Maquette du "Manta"
Environnement

Le "Manta", voilier géant collecteur de déchets plastiques, en cinq questions

Le "Manta", voilier géant destiné à lutter contre la pollution plastique océanique, continue sa mission de séduction auprès des mécènes du monde entier. Fonctionnement, missions, financements ... fiche d'identité de ce méga-projet. 

Quel est son objectif ? 

La mission principale du "Manta" est de collecter les déchets plastiques présents dans les océans avant qu'ils ne se décomposent en micro-particules. Cette pollution marine représente aujourd'hui environ 8 millions de tonnes de plastique rejetées chaque année dans la mer, provenant en grande partie de produits de consommation courante et de l'activité halieutique. 

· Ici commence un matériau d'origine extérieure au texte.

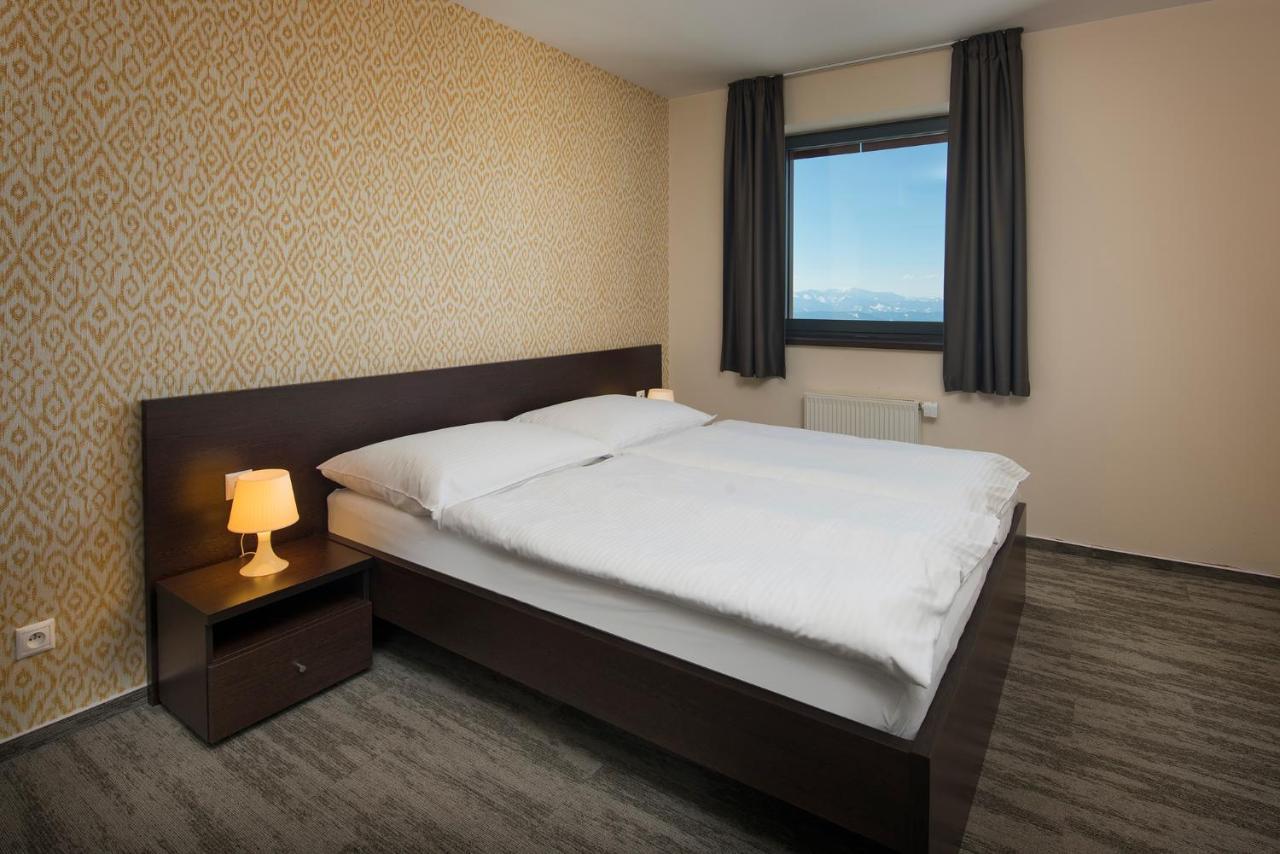 Hotel Panorama Resort Strbske Pleso Ngoại thất bức ảnh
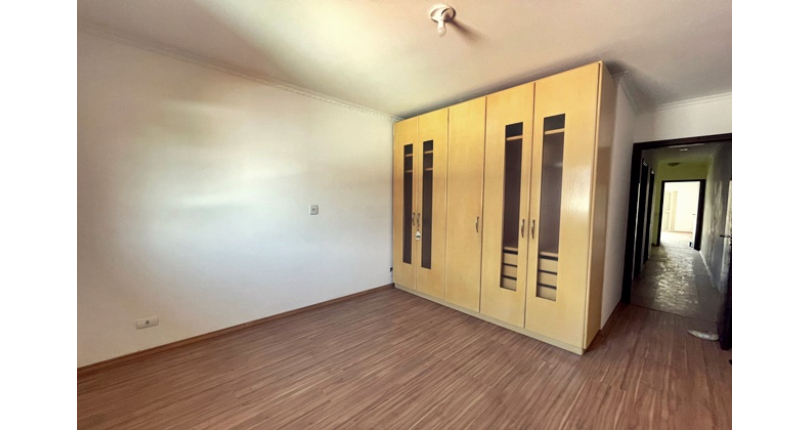 Sobrado à venda no Bairro do Parque São Domingos na Rua José Cândido Freire, 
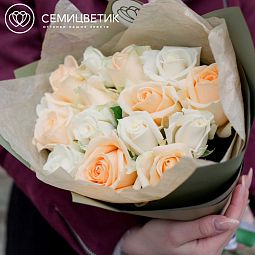 Букет из 15 белых и кремовых роз 35-40 см (Россия)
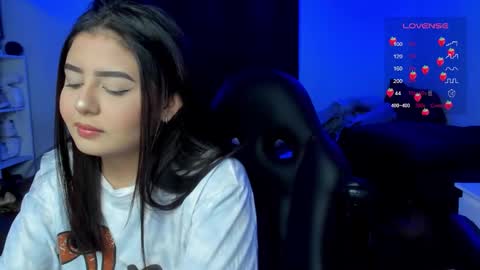 Snapshot of agatha_riccie chatting on October 17, 5:10 am Cat online show from October 17, 5:10 am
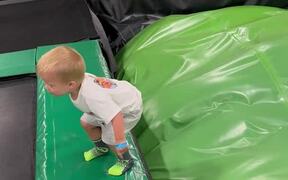 Little Boy Attempts Backflip at Trampoline Park - Kids - VIDEOTIME.COM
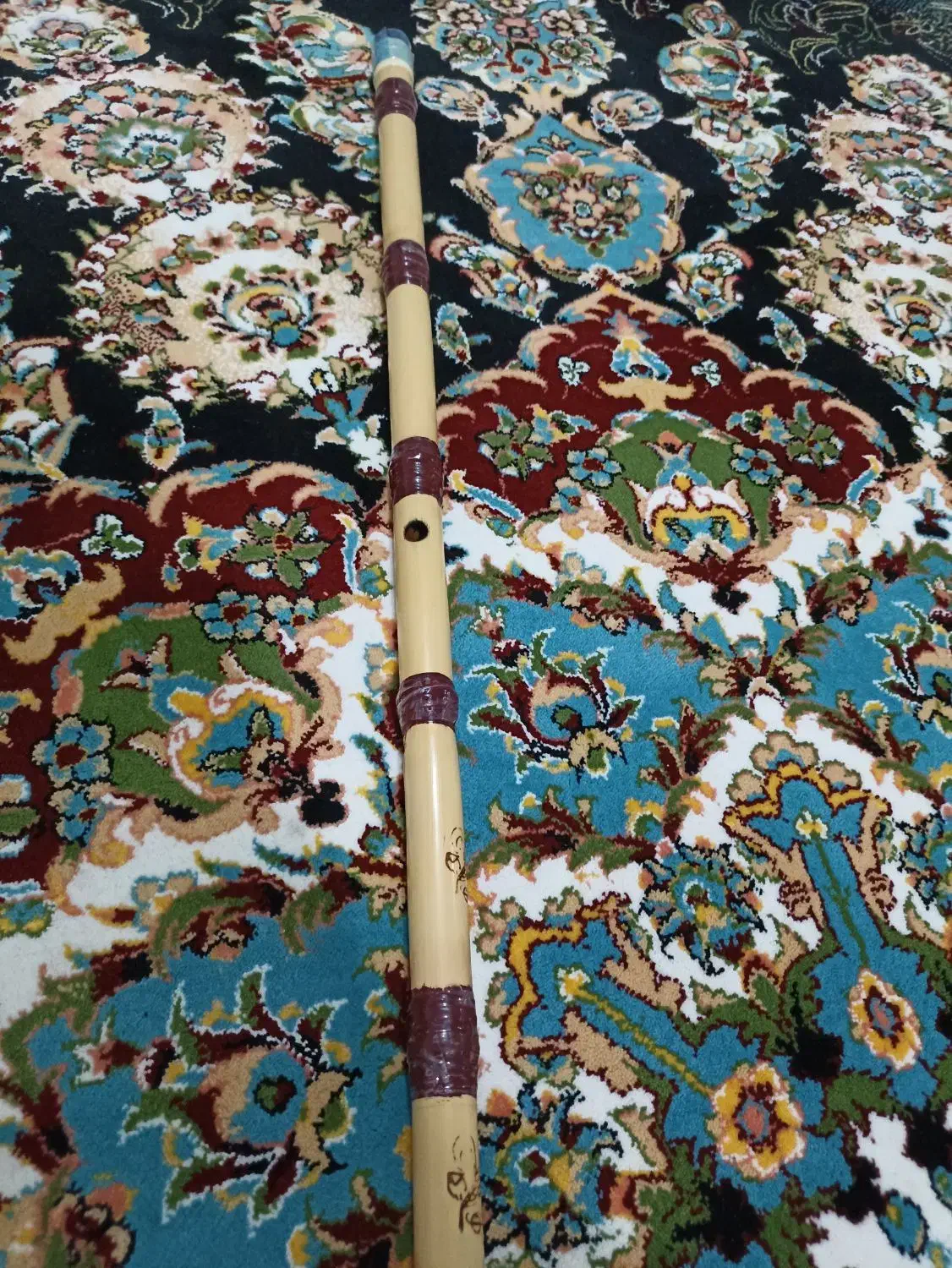 نی هفت بند|سازهای بادی|پارسآباد, |دیوار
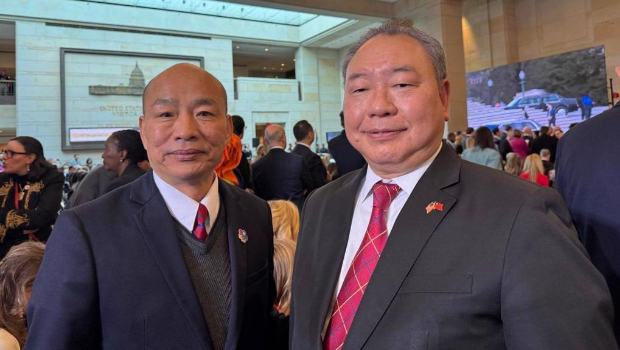 韓國瑜（左）、俞大?（右）。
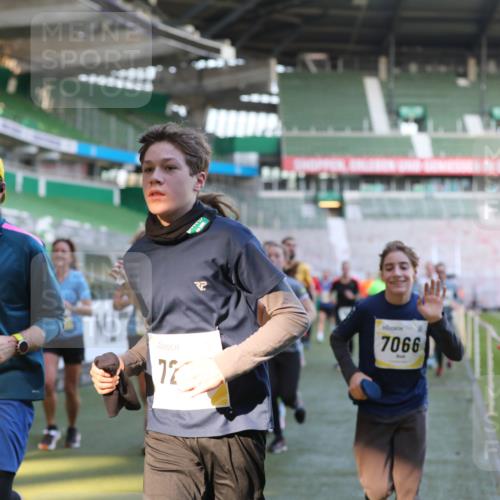 06.10.2024 - 19. swb-Marathon Bremen Yannick Fuchs http://msf.ph/oto/7448988 06.10.2024 10:29:45 Laufen im Stadion 7060, 7061, 7066, 7117, 7146, 7193, 7194, 7334, 7340, 7370, 7372, 7384, 7451, 7542, 7620, 7696, 7706, 7714, 7768, 7784, 7800, 7823, 7870, 7931, 7983, 7989, 7992, 8001, 8092, 8098, 8156, 8215, 8330, 8362, 8424, 8458, 8522, 8525, 8570, 8575, 8609, 8629, 8763, 8767, 8768, 8835, 8854, 8869, 8875, 8894, 8925, 8951, 8953, 8954, 9001, 9066 meine-sportfotos.de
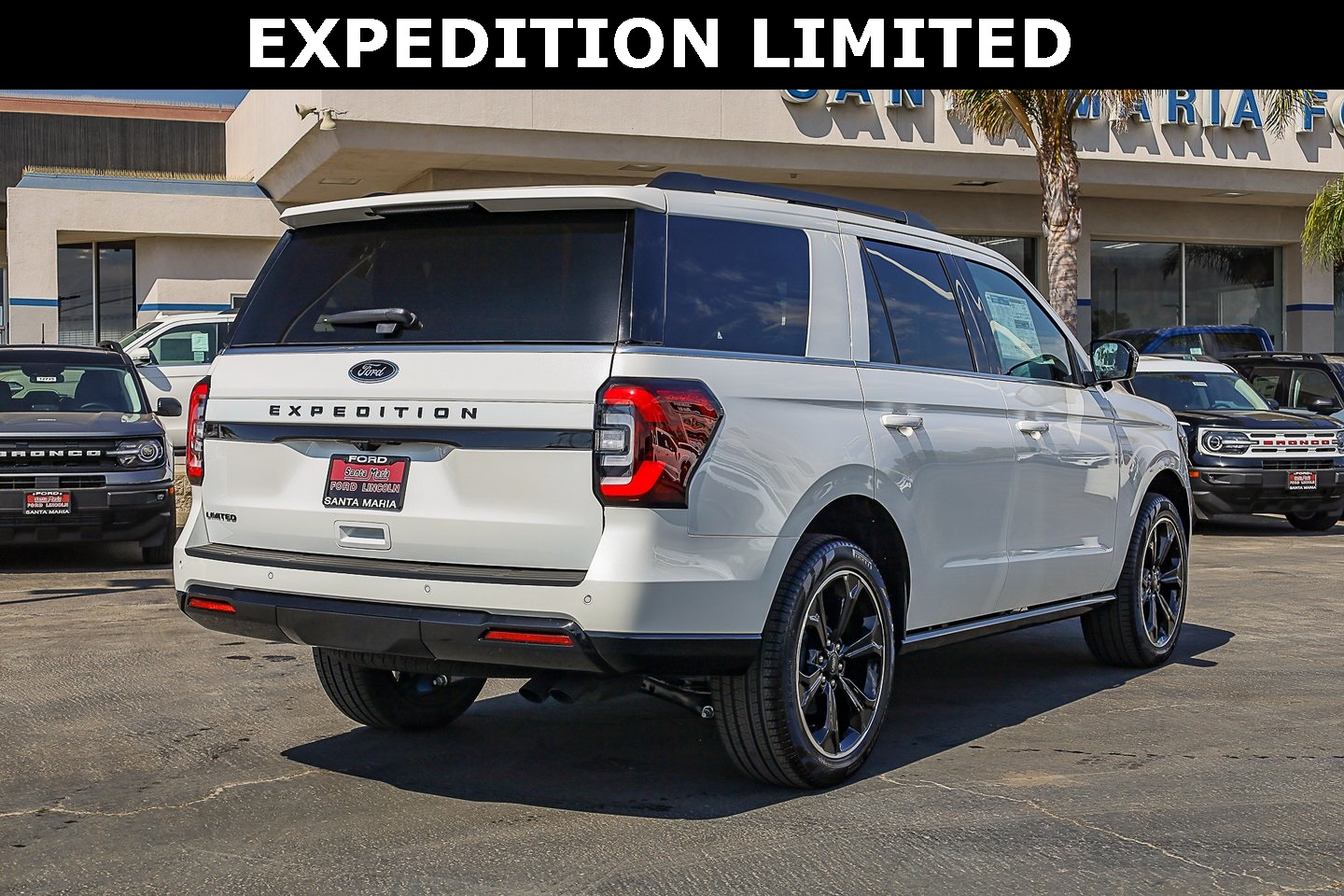 2024 Ford Expedition Limited photo 2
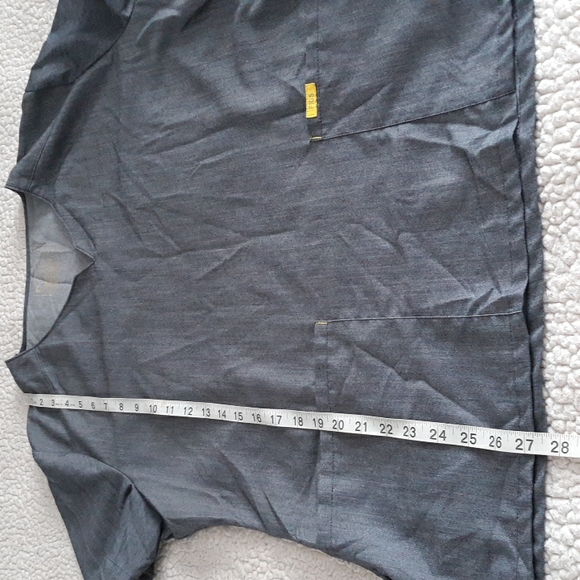 Figs XL Grey Yellow Short Sleeve Scrub Top - Picture 8 of 17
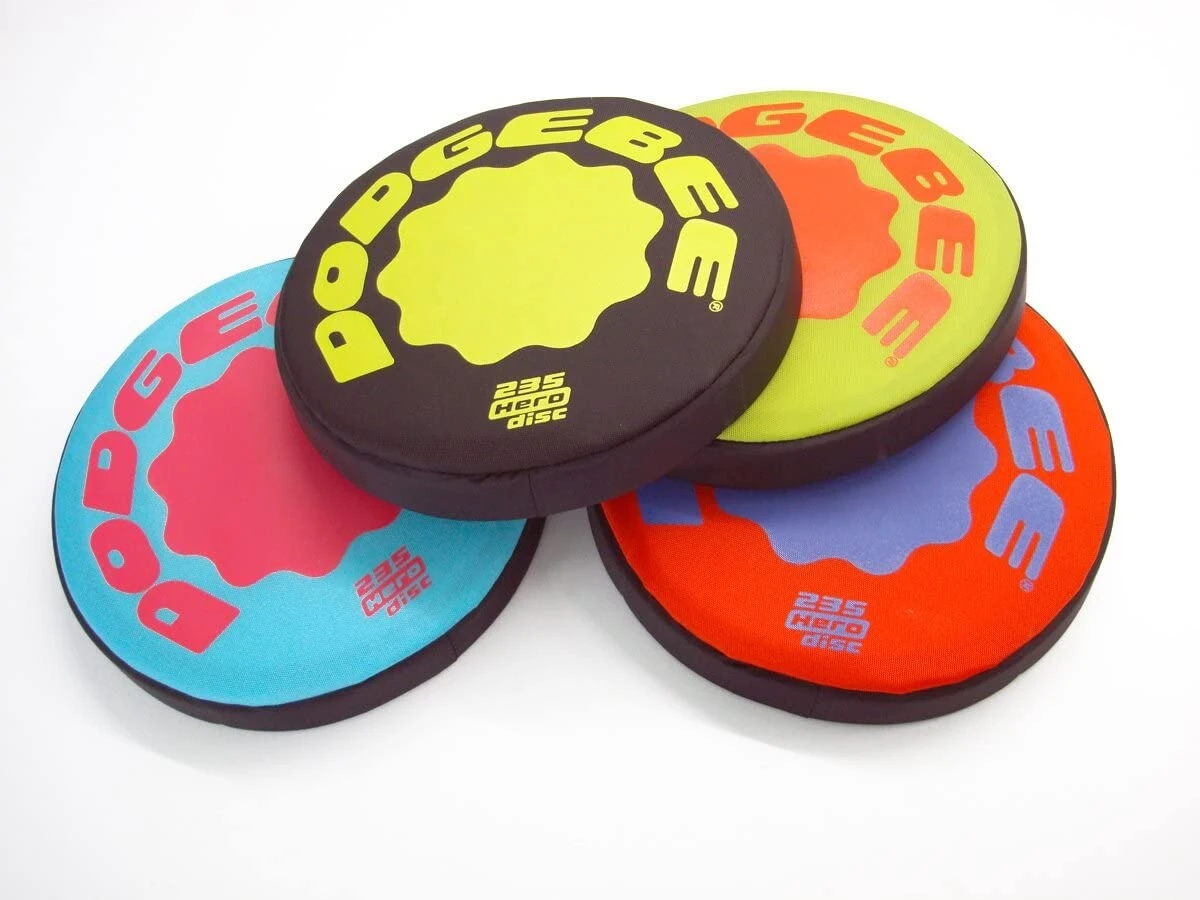 外遊びで盛り上がること間違いなし！　大人も楽しめるスポーツトイ７選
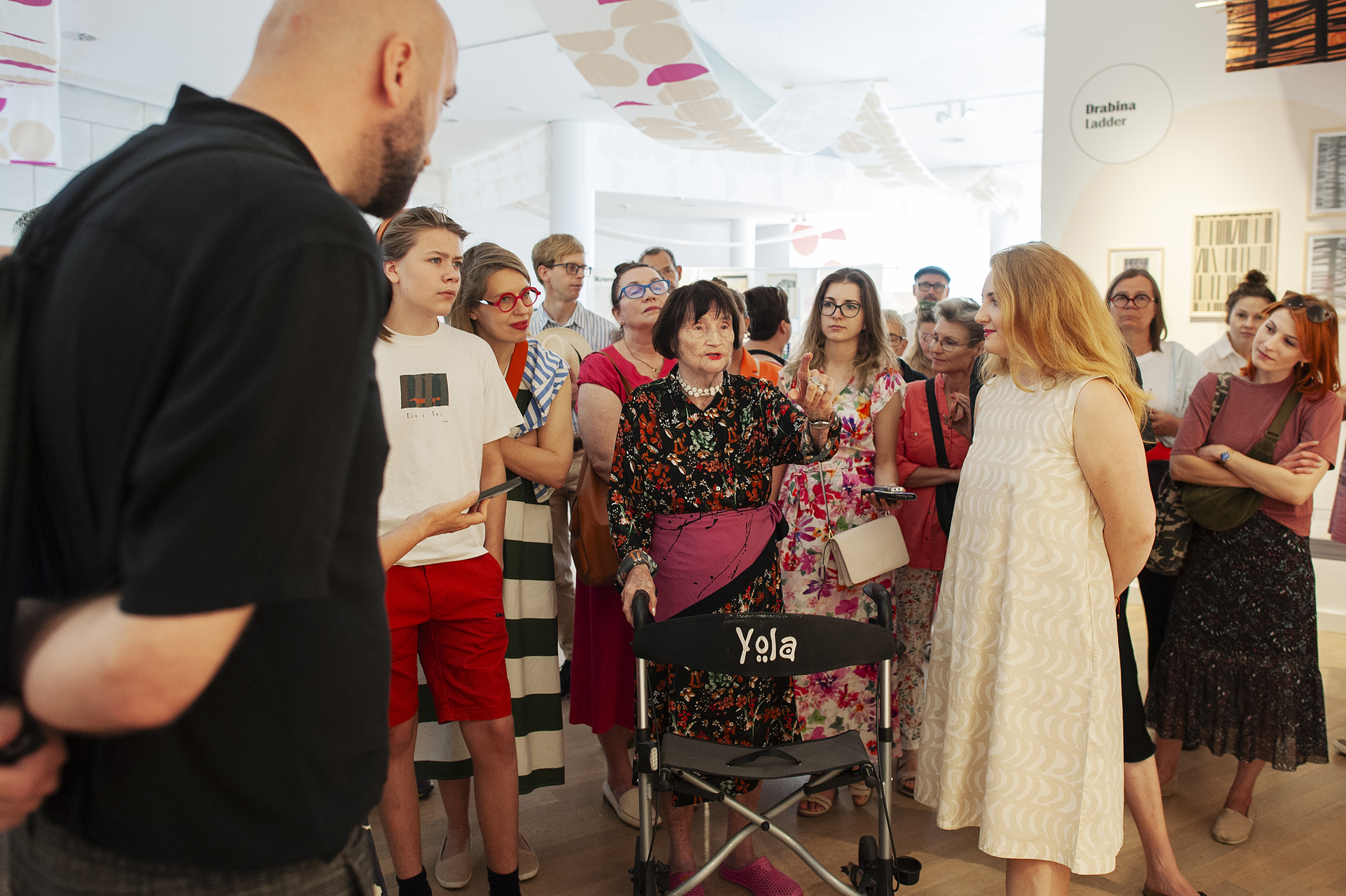 oprowadzania z artystką po wystawie Alicji Wyszogrodzkiej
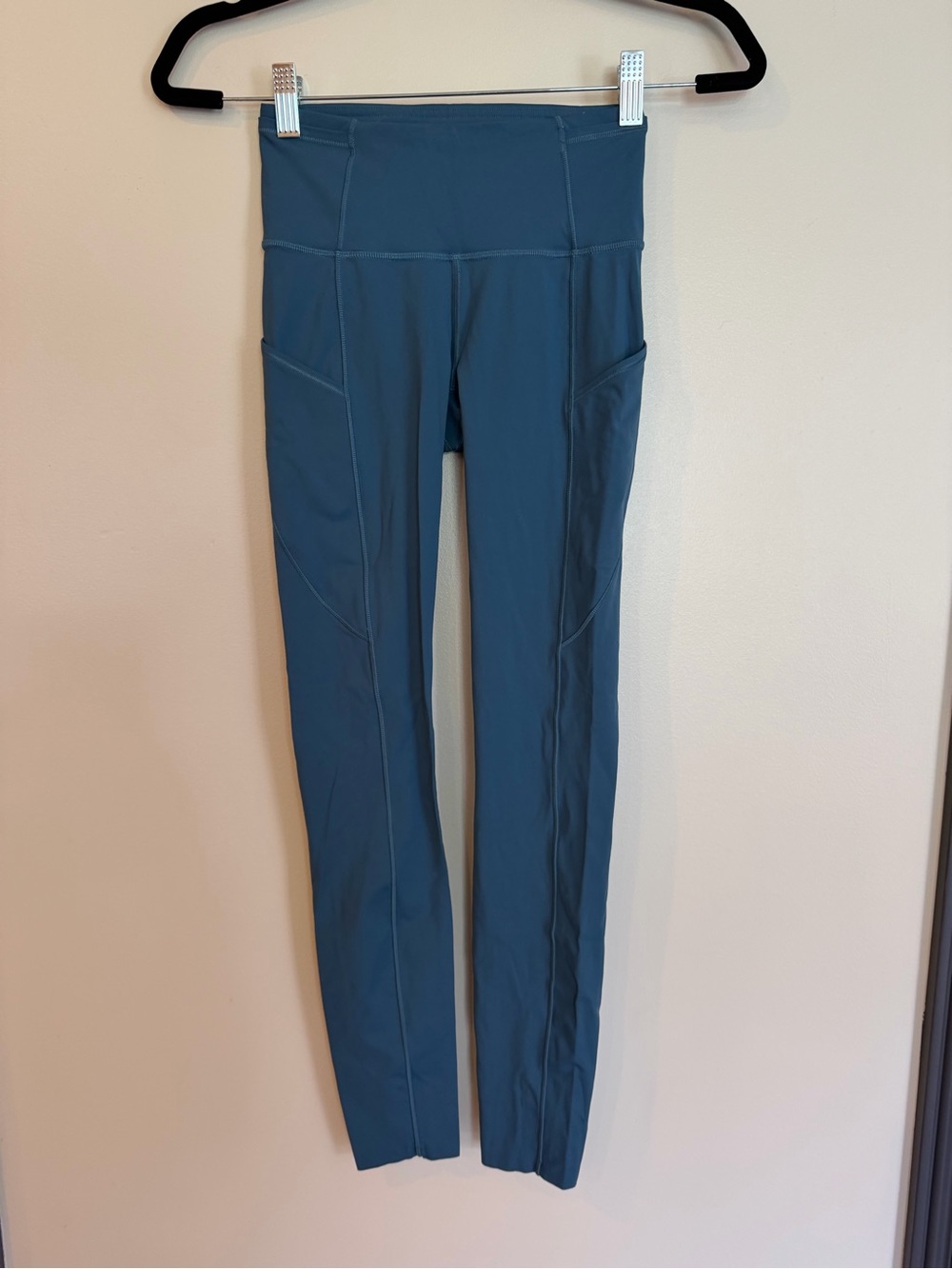 lululemon Fast and Free High-Rise Tight. Teal with pockets Size 2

Pour ce faire, le voilier sera équipé d'une grue, afin de capturer notamment les amas de filets de pêche, tandis que les petits déchets seront piégés entre les coques du bateau par des tapis roulants qui les feront remonter à bord. "Une fois les déchets collectés, une équipe d’opérateurs va les trier pour séparer le plastique et les matières organiques qui repartiront directement à la mer", explique Yvan Bourgnon, skipper suisse à l'origine du projet. 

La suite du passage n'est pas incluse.